Тем не менее, занимая свои посты, каждый из командиров на Оаху стремился максимально повысить боеспособность вверенных ему соединений. Так, Киммель разделил флот на три оперативных соединения, держа одно или два постоянно в море. Вот только уикэнд он считал делом святым — по выходным корабли стояли на якорях в базе, а офицеры и матросы уходили в увольнение. Кроме того, Киммель расположил все корабли на якоре таким образом, чтобы они могли вести зенитный огонь по всему периметру, то есть 360°. В то же время он прекрасно понимал, что «авианосец в порту — это ничто», поэтому, когда его авианесущие корабли входили в порт, все самолеты перебазировались на наземные аэродромы. Теперь в случае атаки они могли легко быть подняты в воздух. Но Киммель практически не верил в возможность воздушной атаки: «Я никогда не думал, что эти маленькие желтые сукины дети могут устроить такую атаку так далеко от Японии» [759]. Не верил он и в возможность применения торпед против кораблей, базирующихся на Оаху. Глубина порта была слишком мала — а значит, необходимости в установке противоторпедных сетей вокруг кораблей не было. Данная точка зрения укоренилась в Пёрл-Харборе очень давно, еще Ричардсон придерживался этой позиции. Мнение Киммеля подтверждалось как соображениями Блоха, так и выводами штаба флота. Но технический прогресс не стоял на месте…
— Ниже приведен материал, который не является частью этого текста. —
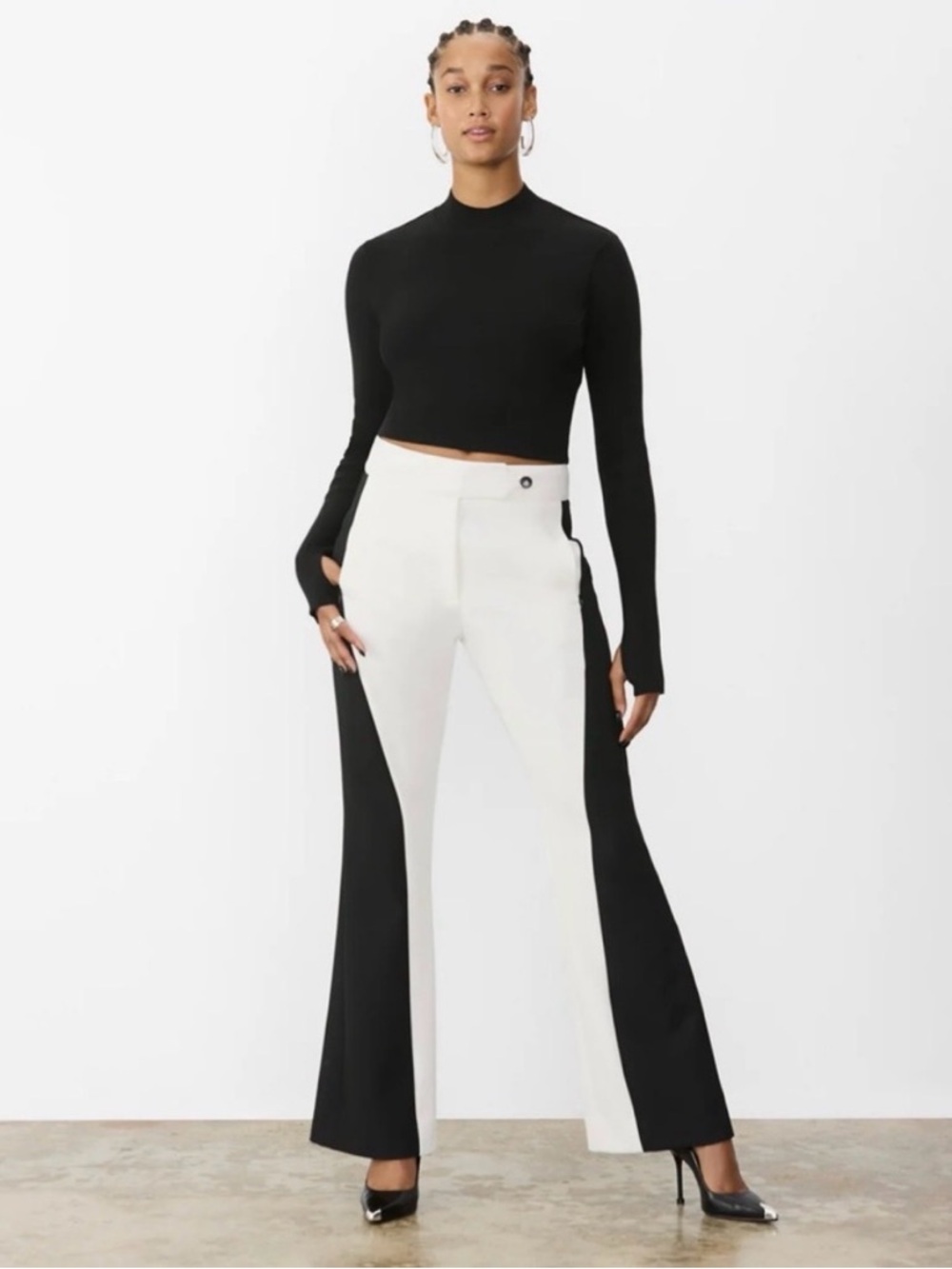 NWT GSTQ Downtown Colorblock Pants Black & Ivory Size 8 MSRP $298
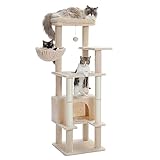 PEQULTI 54'' Cat Tree for Large Cats, Tall Cat Tower with Cozy Cat Condo, Cat Scratching Posts and Wide Top Perch for Indoor Cats, Beige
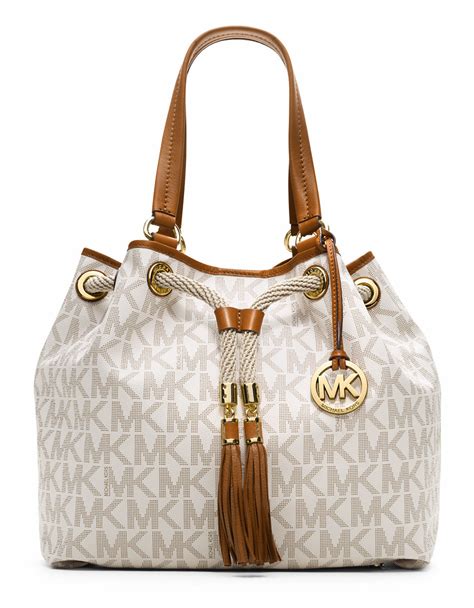 michael kors large drawstring signature tote purse|Michael Kors large monogram tote.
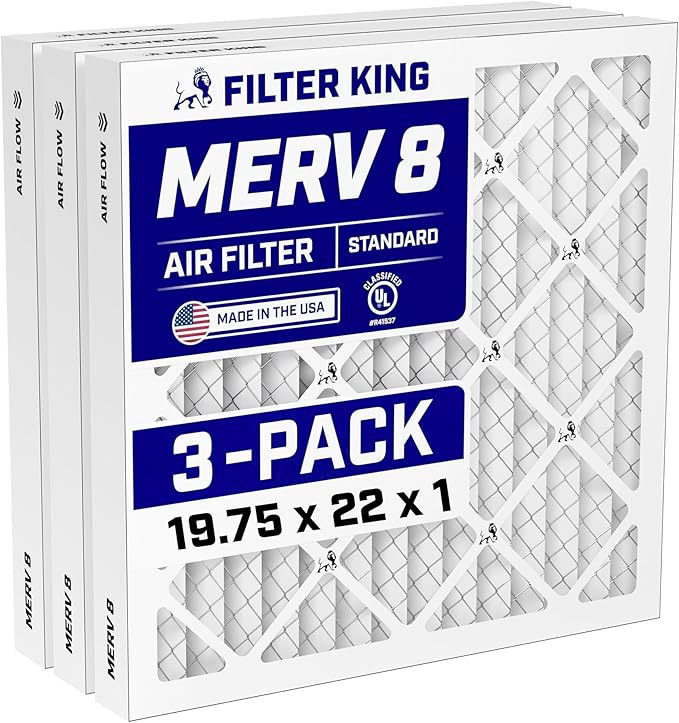 Filter King Air Filters 19.75x22x1 | 3-PACK | MERV 8 HVAC Pleated AC Furnace Filters | Actual Size 19.75 x 22 x .75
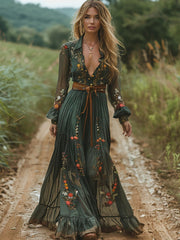 Vintage Floral Long Sleeves Ruffled Maxi Dresses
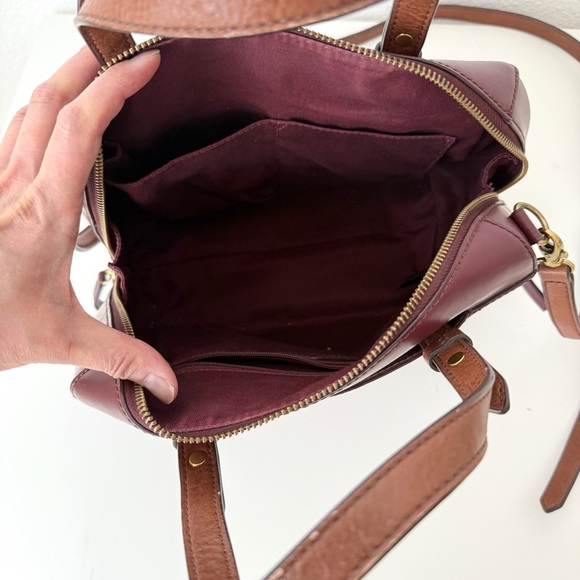 Fossil Rachel Cow Hide Leather Satchel Crossbody Bag Purse FLAW - Picture 6 of 16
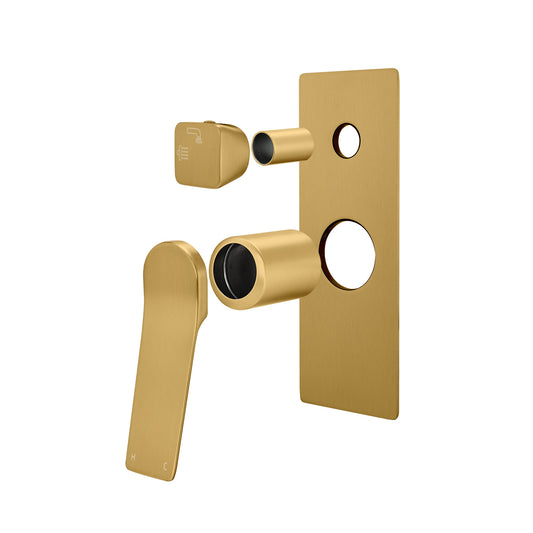RUSHY Series Square Brushed Brass Wall Mixer With Diverter(color up)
После успешной атаки английских торпедоносцев в бухте Таранто в Британии был проведен ряд экспериментов — теперь торпеды можно было сбрасывать с самолетов и в относительно мелкие воды, в ил они больше не закапывались. Англичане поставили союзников в известность о своих достижениях. В феврале и июне 1941 г. военно-морское министерство направило извещение как Киммелю, так и Блоху о том, что малые глубины теперь не могут служить надежной защитой от торпедоносцев. Но адмиралы не обратили внимания на письмо, они по-прежнему считали, что возможность «воздушной торпедной атаки по Пёрл-Харбору ничтожно мала» [760]. Сети, которых на Оаху вообще не было, так и не заказали. Дело в том, что командующий Тихоокеанским флотом считал торпедную атаку в принципе возможной, но с подводных лодок, а от этой угрозы флот был защищен противолодочной сетью, перегораживавшей вход в бухту.
В конечном итоге все меры, предпринятые Киммелем по усилению обороноспособности базы, были поверхностными. По большей части он оставил все, как было, до его вступления в должность. Но в ситуации 1941 г. четкое следование уставам было явно недостаточным для обеспечения обороны острова и флота.
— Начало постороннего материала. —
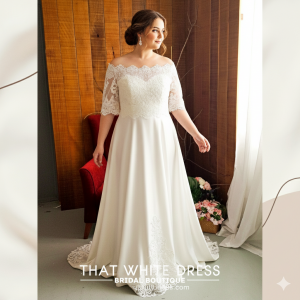 214LLWL01 Pure Plus Sweet Heart Silk Satin A line off shoulder bolero Plus Size Bride Malaysia Dress Rental, Simple wedding dress malaysia, ROM wedding gown Kuala Lumpur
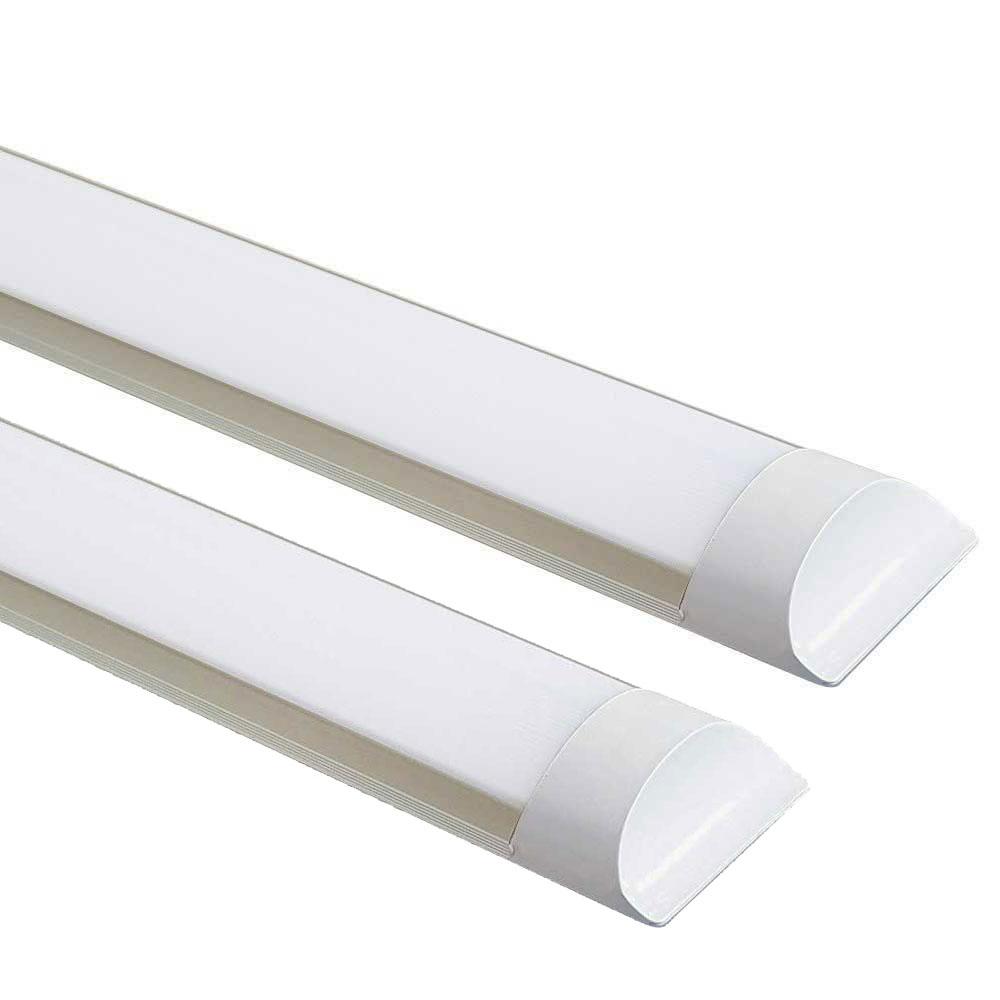 IP20 Slim LED Batten Light 3CCT - two slim white battens with rounded end caps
Командующий Гавайским округом, не особенно стремившийся наладить координацию с ВМС, все же понимал, что в деле защиты острова с воздуха силы лучше объединить. 28 марта он подписал с адмиралом Блохом соглашение о разграничении ответственности в использовании авиации. Так, дальнее патрулирование возлагалось на 14-й военно-морской округ, а при использовании для этих целей армейских самолетов они подчинялись штабу 14-го округа. В случае использования авиации ВМС для обороны о. Оаху (наземные цели), она переходила в подчинение командованию Гавайского округа. При использовании армейских бомбардировщиков для ударов по морским целям они переходили в подчинение ВМС. В 1941 г. были даже проведены учения по отработке данного соглашения, которые показали, что наладить взаимодействие армейских и морских ВВС на удовлетворительном уровне вполне возможно. Но документ вступал в силу лишь после объявления войны [761].
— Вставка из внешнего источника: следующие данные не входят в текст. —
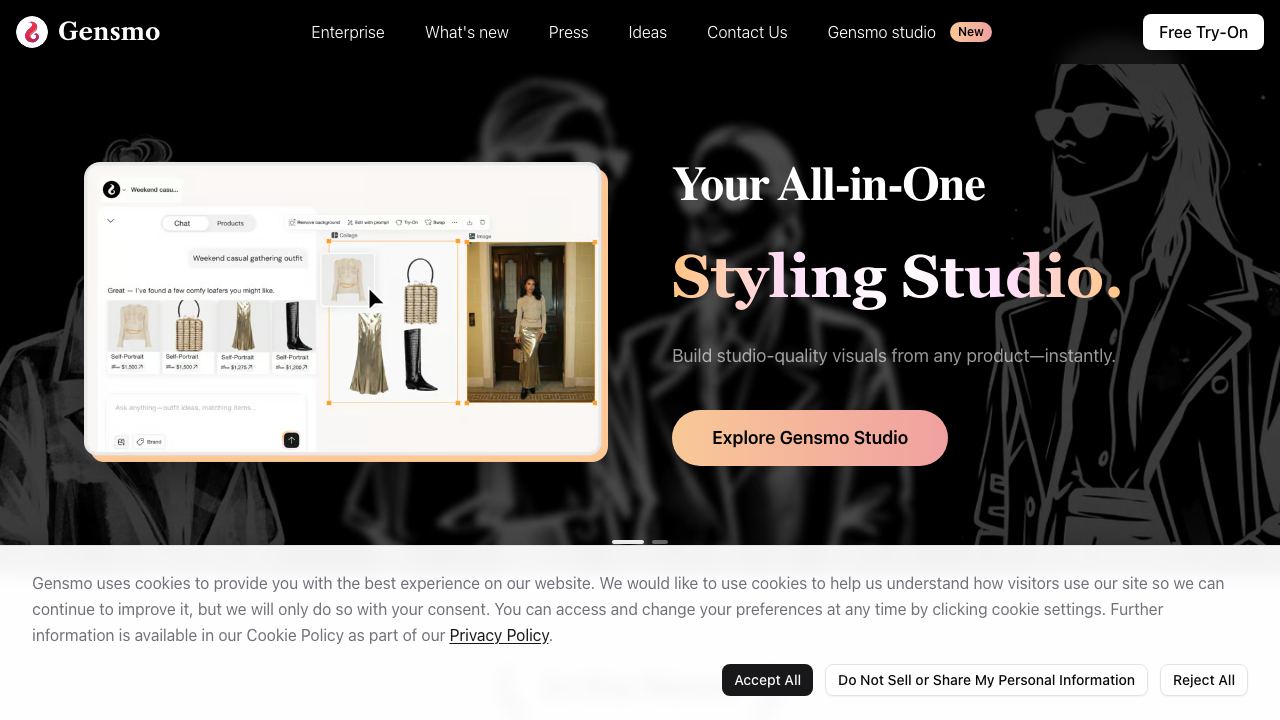 Gensmo - Snap & Style: Turn Your Moments into Magic 网站截图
Нормальная система связи между командующим Тихоокеанским флотом, Гавайским округом и 14-м округом фактически отсутствовала. Взаимной координации действий не было. Флот и армия даже степень боеготовности повышали, не информируя друг друга. В противоположность служебным обязанностям личные отношения трех высших офицеров сложились довольно теплые. Давая показания комиссии по расследованию катастрофы в Пёрл-Харборе, генерал Шорт заявил: «Адмирал Киммель, адмирал Блох и я были в очень дружественных отношениях». Генерал, посредственный игрок, тем не менее предпринял попытку налаживания отношений с командующим Тихоокеанским флотом через гольф. Оба они периодически встречались с клюшками наперевес. Адмирал играл не ради спорта, а в терапевтических целях, поддерживал форму, гольф не доставлял ему удовольствия. Шорт вообще с трудом выдерживал партию, быстро уставал и при переходах от лунки к лунке присаживался практически на каждой скамеечке. Эти спортивные состязания больше напоминали самобичевание двух престарелых офицеров ради налаживания контакта. Экзекуции дали свой результат. «Спасибо Богу, что генерал Шорт и я, — говаривал Киммель, — хорошие друзья официально и наделе» [762].